Ensuite, quand on nous a relâchés, avec le “grand”, on est passés en Tunisie. Là, ça allait pas, la police chassait les [personnes] noires. On est allés à Sousse, dans un foyer d’accueil, et on y est encore restés vraiment longtemps. Un jour, la police est venue nous chercher, et on s’est séparés avec le “grand”. C’est là que j’ai vu les gens qui font traverser les autres sur des bateaux. Vers 23h, on est tous montés [sur un bateau] pour traverser.

“ON AVAIT PEUR”

Je me souviens, on avait peur, il y avait d’autres enfants et on était beaucoup perdus. Des pêcheurs nous ont vus. Ils ont appelé la police maritime. Ça a duré très longtemps, ils ont même envoyé un drone qui [survolait] la mer. Enfin, la police est arrivée pour nous sauver. On nous a ramenés sur terre et envoyés à Lampedusa pendant deux jours. De là, on m’a transporté en Italie, dans un petit village. En fait, j’étais le seul chrétien au milieu de jeunes musulmans d’Afrique, d’Égypte. Moi, je ne parlais que le français et ma langue de Guinée. Je ne comprenais pas ce qu’ils disaient. Je ne me sentais pas bien, c’était compliqué. Avec un ami, on a décidé d’aller en France pour étudier. On est montés dans un train italien et les douaniers nous ont laissés passer, parce qu’on était des mineurs. Et puis je suis arrivé à Marseille. Les premières nuits, j’ai dormi dans la gare de Saint-Charles. J’arrivais plus à parler, j’étais trop choqué je crois. Des éducateurs nous ont emmenés dans un foyer pour mineurs. Mais bon, là aussi on n’était que deux chrétiens au milieu de 80 jeunes musulmans. On se sentait seuls, c’était trop difficile. Et puis des éducateurs se sont occupés de moi et m’ont inscrit dans un lycée professionnel de Marseille.

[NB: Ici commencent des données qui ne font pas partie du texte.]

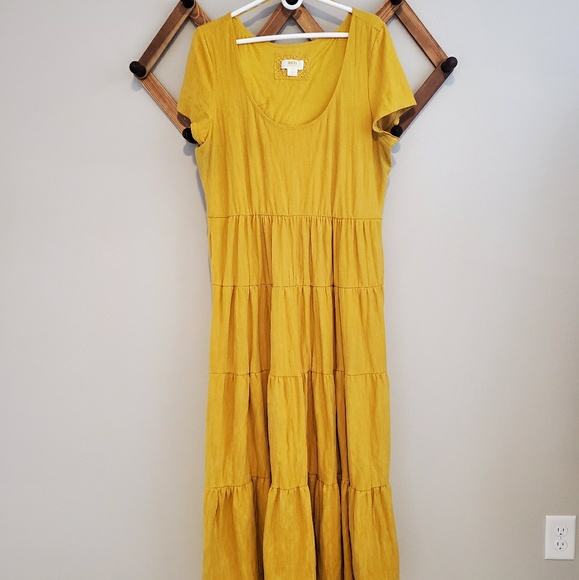 gillian tiered maxi dress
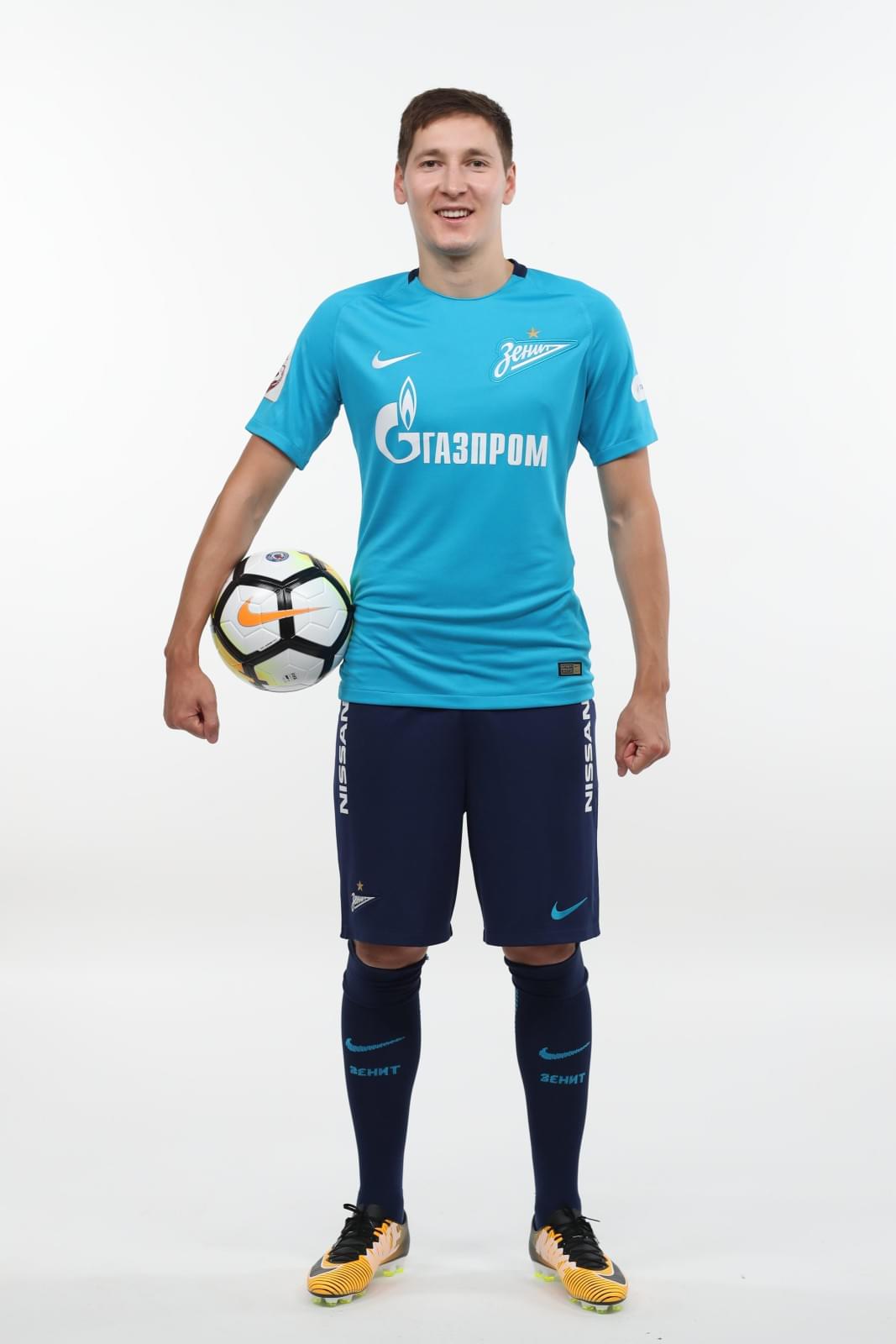 Фотосессия футболистов и тренеров основного состава ФК «Зенит» сезона 2017/2018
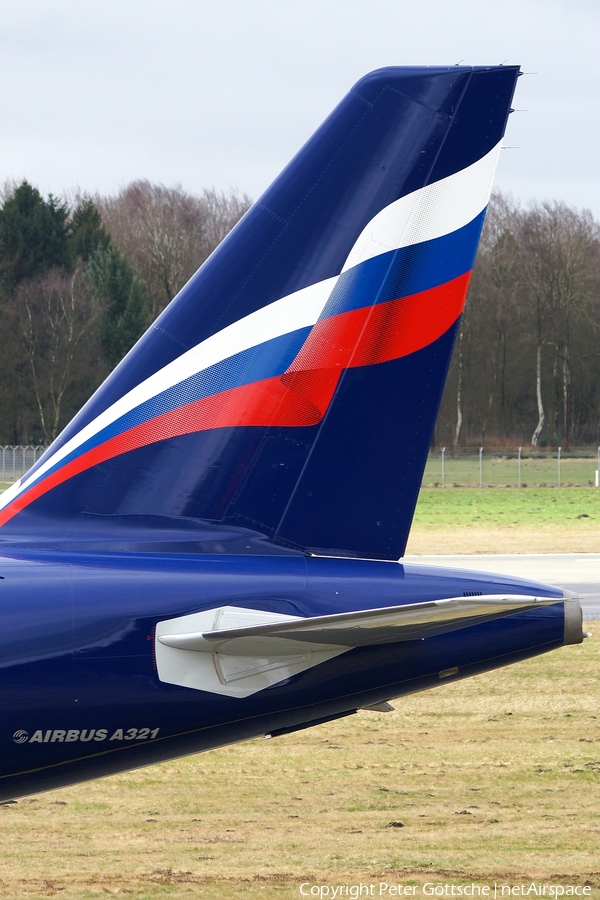Aeroflot - Russian Airlines Airbus A321-211 (VQ-BHM) | Photo 285376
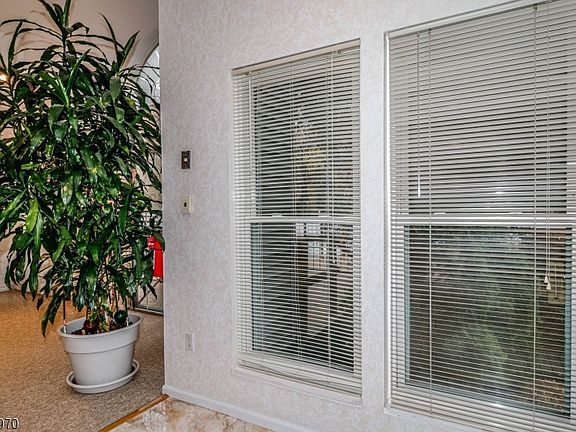 3rd image of 8 Woodland Way #8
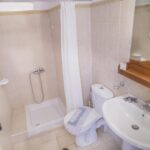 Creta Aquamarine Hotel - Bathroom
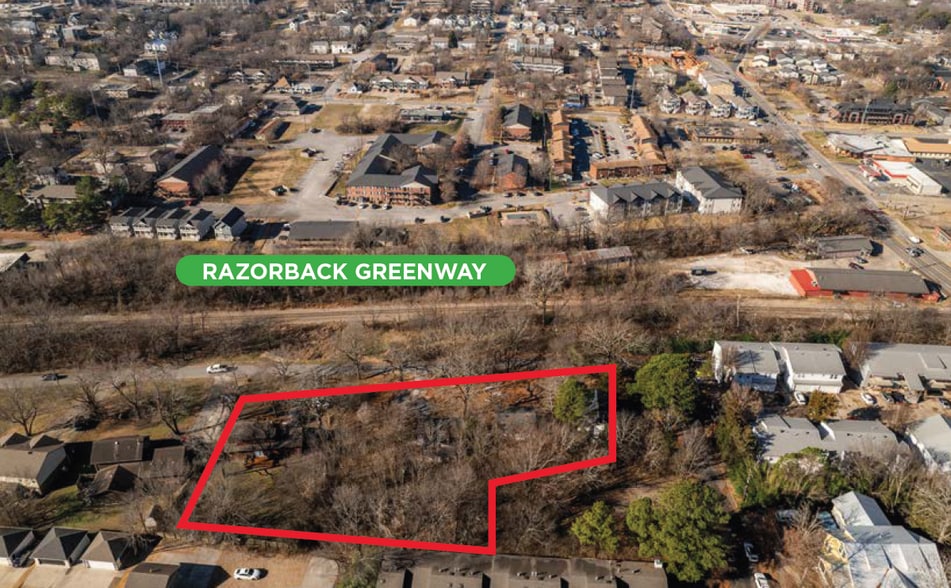 922 N Frisco Ave, Fayetteville, AR à vendre - Photo du bâtiment - Image 2 de 7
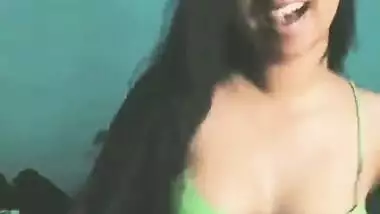 Sexy Girl boobs Visible
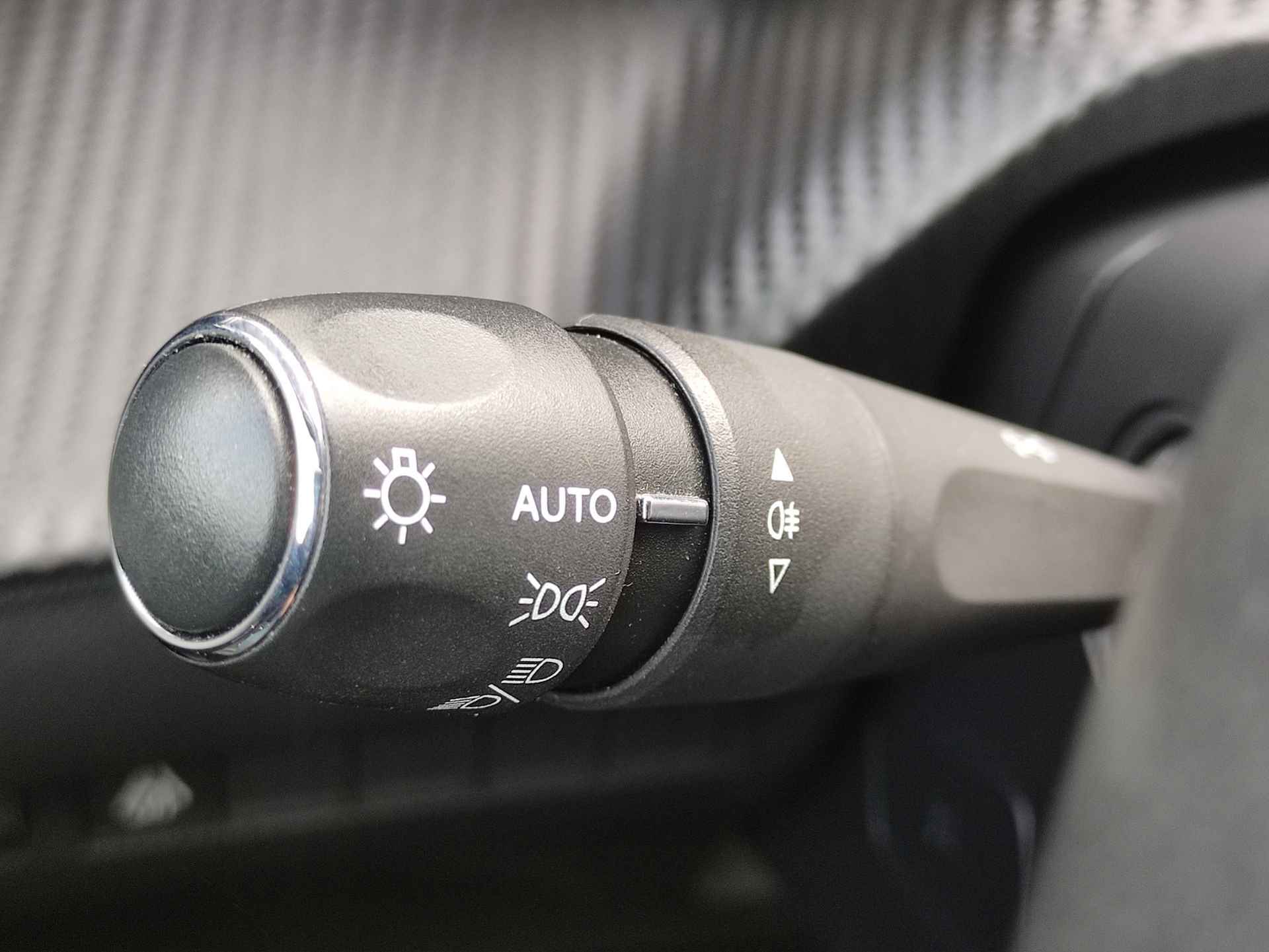 Peugeot 208 5-deurs 1.2 (100 pk) Allure - Apple Carplay - Android Auto - stoelverwarming - virtual cockpit - 40/46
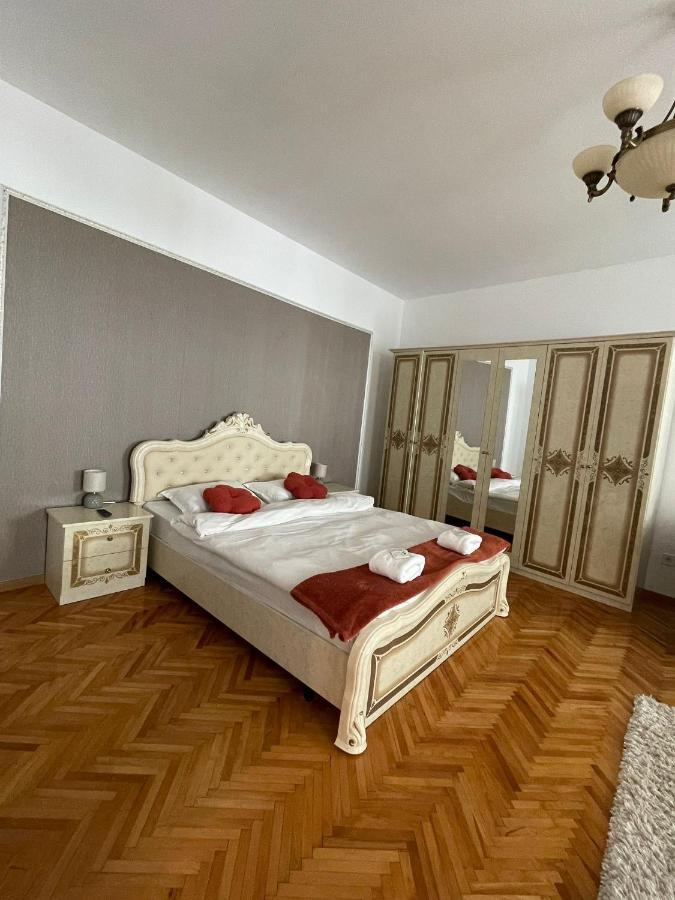 בראשוב Londof Schei Apartments - Downtown מראה חיצוני תמונה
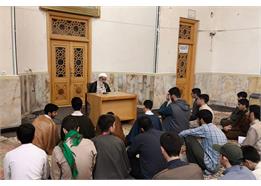 طلاب باید منشور روحانیت رهبر انقلاب را مطالعه و مباحثه کنند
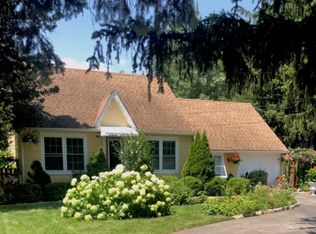 652 Greenwood Rd, Northbrook, IL 60062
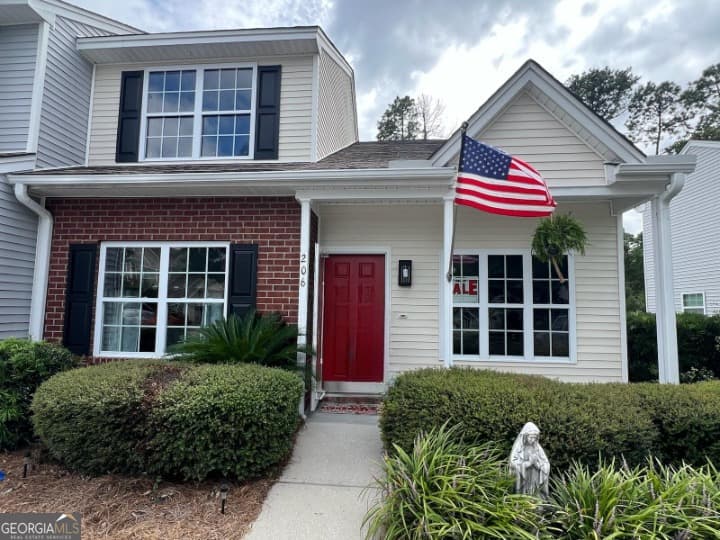 3 bedroom, 2.5 bathroom, 1,319 sq ft townhouse for sale at 206 Sonata Circle, Pooler, GA 31322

En juin 2024, les frères m’ont accueilli. Il faut dire qu’ils sont trop, trop gentils avec moi. Ils font tout pour moi, et je me sens “sécure” ici. Je fais des études pour devenir plombier et j’attends d’avoir des papiers. C’est dur mais la foi, ça m’aide beaucoup. La nuit, je pense à tout ça, le bateau, le travail, la [rue], les papiers. Beaucoup, beaucoup. Et je me dis, Dieu a tracé cette route devant moi. Je lui confie tout ça, toute ma vie.”